**WHAT THE TASK REQUIRES:** Beginning with the line below that contains "Person uses a" and ending with the line that contains "Instruktorka pilates w", retype every line exactly. Pictures are not copied.

**EXERCISE MATERIALS:**

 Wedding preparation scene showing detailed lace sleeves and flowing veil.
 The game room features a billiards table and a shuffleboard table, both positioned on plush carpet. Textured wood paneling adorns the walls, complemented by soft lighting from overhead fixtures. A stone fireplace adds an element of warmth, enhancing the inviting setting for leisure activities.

* * *

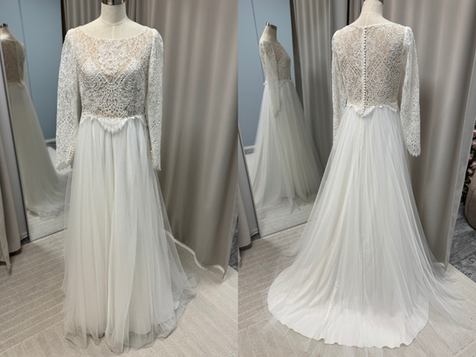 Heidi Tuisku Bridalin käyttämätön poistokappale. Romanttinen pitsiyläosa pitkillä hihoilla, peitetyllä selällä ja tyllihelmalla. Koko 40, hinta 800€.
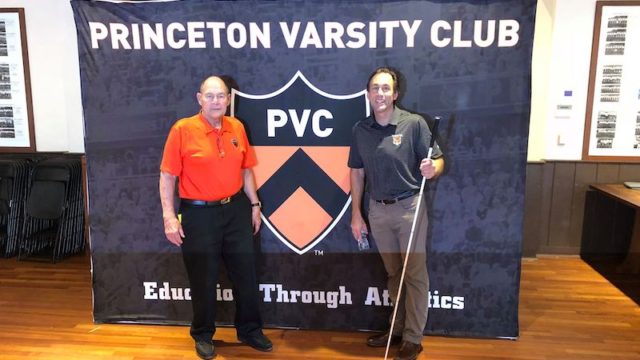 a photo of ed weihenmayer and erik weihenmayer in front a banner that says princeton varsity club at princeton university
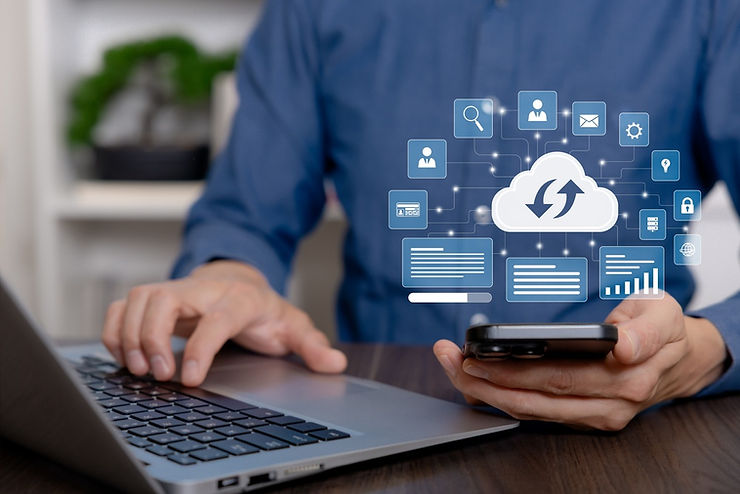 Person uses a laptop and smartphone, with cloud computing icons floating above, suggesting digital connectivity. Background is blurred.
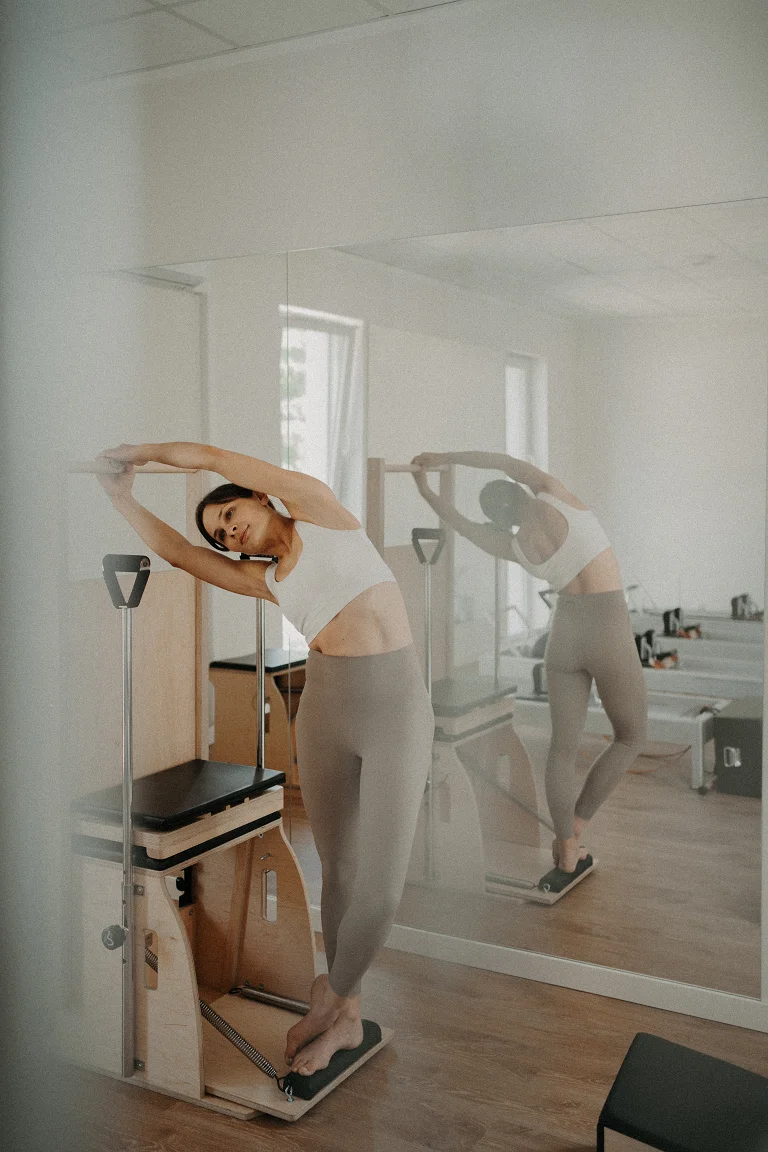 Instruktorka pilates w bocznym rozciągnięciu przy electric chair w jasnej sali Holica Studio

...

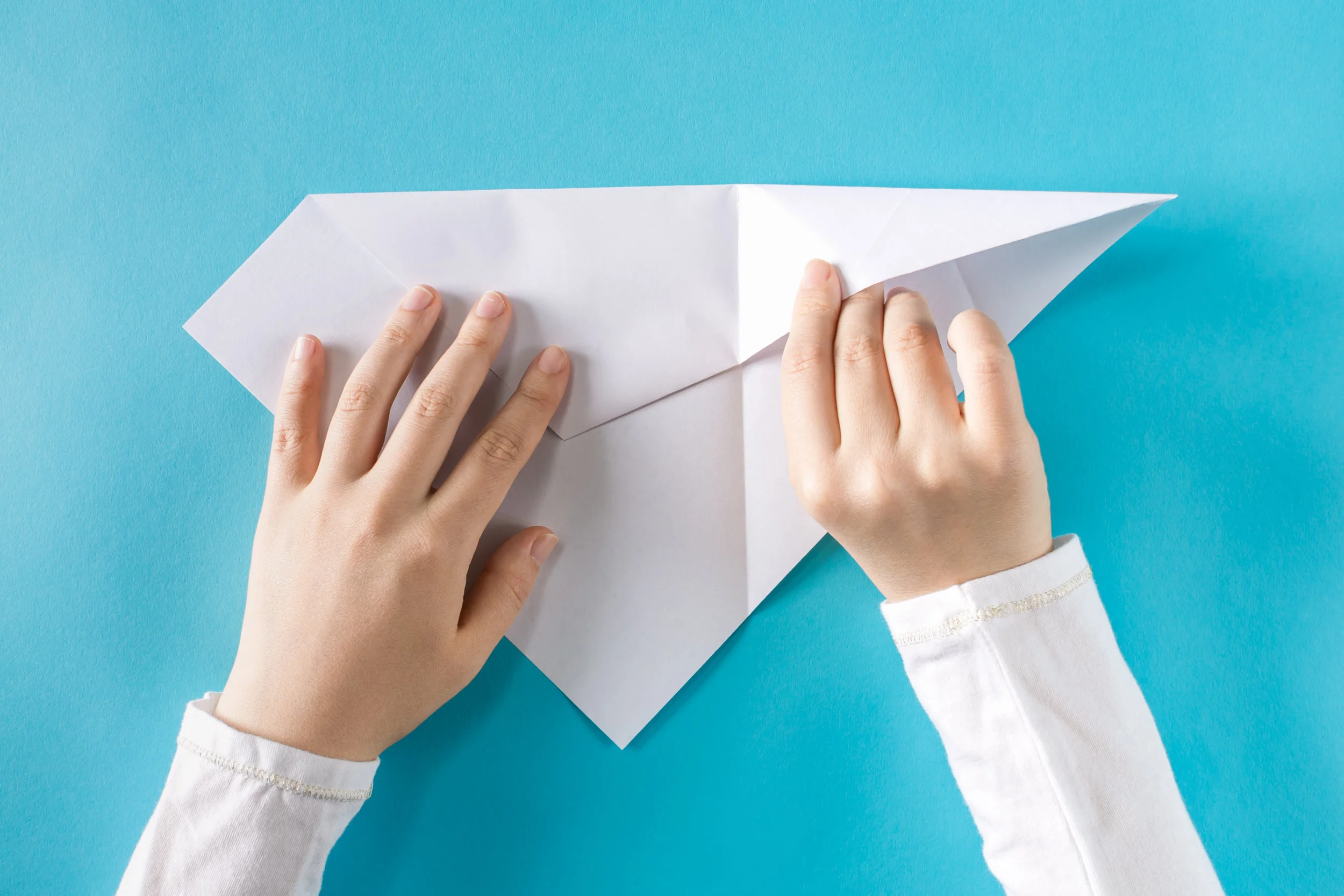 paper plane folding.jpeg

**RESPONSE TO THE EXERCISE:**
 Person uses a laptop and smartphone, with cloud computing icons floating above, suggesting digital connectivity. Background is blurred.
 Instruktorka pilates w bocznym rozciągnięciu przy electric chair w jasnej sali Holica Studio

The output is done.